2026 iba a ser el año de Timothée Chalamet. Después de siete años entregando actuaciones “top level sh*t”, el Oscar para Timmy parecía finalmente inevitable. Tenía el Critics Choice, el Golden Globe y el momentum cultural de su lado. Pero Hollywood nunca deja que las cosas sean tan simples. Una polémica reciente relacionada con Josh Safdie, director de Marty Supreme, ha puesto en pausa y en duda ese camino dorado hacia la estatuilla.
La polémica que podría dejar a Timothée Chalamet sin Oscar
Regresemos a 2017, cuando los hermanos Safdie iban en camino a convertirse en el dúo creativo más respetado del cine indie gracias a Good Time y Uncut Gems. Todo parecía sólido hasta 2024, cuando revelaron que, a partir de ese momento, trabajarían por separado para expandir sus carreras en solitario.
Pero la realidad detrás de su ruptura iba mucho más allá de simples roces creativos. De acuerdo con información publicada por Page Six, la separación entre Josh y Benny Safdie se dio por un incidente ocurrido durante el rodaje de Good Time (2017) que involucró una escena sexual problemática con una actriz menor de edad.

La actriz Talia Webster, quien interpretó a Crystal, tenía 17 años durante la filmación. En una escena junto al actor Buddy Duress, fuentes del set aseguran que él se expuso frente a ella y realizó comentarios sexuales explícitos. Lo más grave es que, según testigos, Josh Safdie permitió que la escena continuará aun cuando claramente se había cruzado la línea, sin detener la grabación.
Un miembro del equipo declaró que cualquier director responsable habría gritado “¡Corte!”, pero eso no ocurrió. El uso de menores en escenas sexuales va directamente en contra de las reglas del Screen Actors Guild, diseñadas para proteger a actores jóvenes de situaciones traumáticas.
El breakup definitivo entre los Safdie
Aunque los hermanos continuaron colaborando después en Uncut Gems, la tensión no desapareció. Todo explotó años más tarde durante el escandaloso break up entre el productor Sebastian “Sebo” Bear-McClard y Emily Ratajkowski.
En medio del drama, Bear-McClard sacó a la luz lo ocurrido en Good Time. Según versiones cercanas a Benny Safdie, fue entonces cuando realmente entendió la magnitud del problema y la manera en que su hermano había manejado la situación.
Intentaron seguir trabajando juntos en un proyecto para Netflix con Adam Sandler, pero el daño ya estaba hecho. La producción se canceló y la sociedad creativa terminó definitivamente.

Entonces… ¿qué tiene que ver Timothée Chalamet en todo esto?
Aquí es donde la cosa se pone incómoda.

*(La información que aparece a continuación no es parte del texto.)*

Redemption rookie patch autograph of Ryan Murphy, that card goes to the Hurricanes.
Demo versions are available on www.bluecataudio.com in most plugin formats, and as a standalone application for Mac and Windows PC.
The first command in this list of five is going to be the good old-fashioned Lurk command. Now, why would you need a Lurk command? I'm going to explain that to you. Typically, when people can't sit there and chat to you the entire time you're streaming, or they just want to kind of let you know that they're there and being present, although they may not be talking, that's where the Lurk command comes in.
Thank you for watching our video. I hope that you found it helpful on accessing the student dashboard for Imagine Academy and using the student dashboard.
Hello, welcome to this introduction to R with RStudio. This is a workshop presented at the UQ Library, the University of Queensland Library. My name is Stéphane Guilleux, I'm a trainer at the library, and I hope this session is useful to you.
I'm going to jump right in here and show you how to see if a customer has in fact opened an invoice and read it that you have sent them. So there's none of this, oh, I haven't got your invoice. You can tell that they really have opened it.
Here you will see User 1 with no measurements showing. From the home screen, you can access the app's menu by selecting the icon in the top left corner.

Timothée no estuvo involucrado en el incidente de 2017, ni directa ni indirectamente. Sin embargo, en Hollywood la culpa por asociación es real, especialmente durante la temporada de premios.

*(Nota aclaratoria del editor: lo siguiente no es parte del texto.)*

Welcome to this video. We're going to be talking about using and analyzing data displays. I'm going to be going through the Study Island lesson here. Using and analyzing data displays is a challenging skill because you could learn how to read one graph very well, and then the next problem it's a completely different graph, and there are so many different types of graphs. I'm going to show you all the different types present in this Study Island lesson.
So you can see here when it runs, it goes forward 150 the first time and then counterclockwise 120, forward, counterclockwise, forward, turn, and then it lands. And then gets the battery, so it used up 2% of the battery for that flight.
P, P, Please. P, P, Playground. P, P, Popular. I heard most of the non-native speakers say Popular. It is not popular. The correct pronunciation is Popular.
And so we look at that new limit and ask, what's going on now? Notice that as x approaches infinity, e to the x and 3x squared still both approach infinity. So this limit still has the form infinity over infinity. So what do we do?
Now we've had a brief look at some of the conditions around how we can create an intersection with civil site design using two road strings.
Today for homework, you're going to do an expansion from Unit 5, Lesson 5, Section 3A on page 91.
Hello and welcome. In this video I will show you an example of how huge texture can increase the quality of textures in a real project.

Además de protagonizar Marty Supreme, Chalamet también figura como productor, lo que lo vincula más estrechamente al proyecto y a su director. Y la Academia tiene un historial claro: cuando una película se ve envuelta en controversia, los votantes suelen tomar distancia.
El año pasado, Emilia Pérez parecía imparable en la carrera al Oscar. Hasta que, a finales de enero, salieron a la luz antiguos tweets ofensivos de la protagonista Karla Sofía Gascón que incluían comentarios islamófobos, racistas y altamente polémicos. El escándalo lo eclipsó todo.
La película sólo terminó ganando dos premios —Mejor Actriz de Reparto para Zoe Saldaña y Mejor Canción Original por “El Mal”— muy por debajo de lo que se esperaba.
¿Todavía hay esperanza para Timothée?
Sí. Y aquí está el pequeño rayo de luz. Zoe Saldaña logró su Oscar manteniéndose completamente al margen de la polémica, enfocándose en su trabajo y dejando claro que su actuación podía sostenerse por sí sola. Si Timothée hace lo mismo todavía hay una posibilidad. No es el camino fácil, ni el que imaginábamos hace unos meses, pero tampoco está totalmente perdido.
Más allá de si Timothée Chalamet gana o no el Oscar, hay algo que no se puede ignorar: las consecuencias deben recaer en quien corresponde. En este caso, sobre Josh Safdie.
Esta polémica es un recordatorio urgente de que la seguridad en los sets es innegociable, especialmente cuando involucra menores de edad o escenas sexuales. La industria tiene la obligación de proteger, no de mirar hacia otro lado. Pase lo que pase en la temporada de premios, esa debería ser la verdadera lección.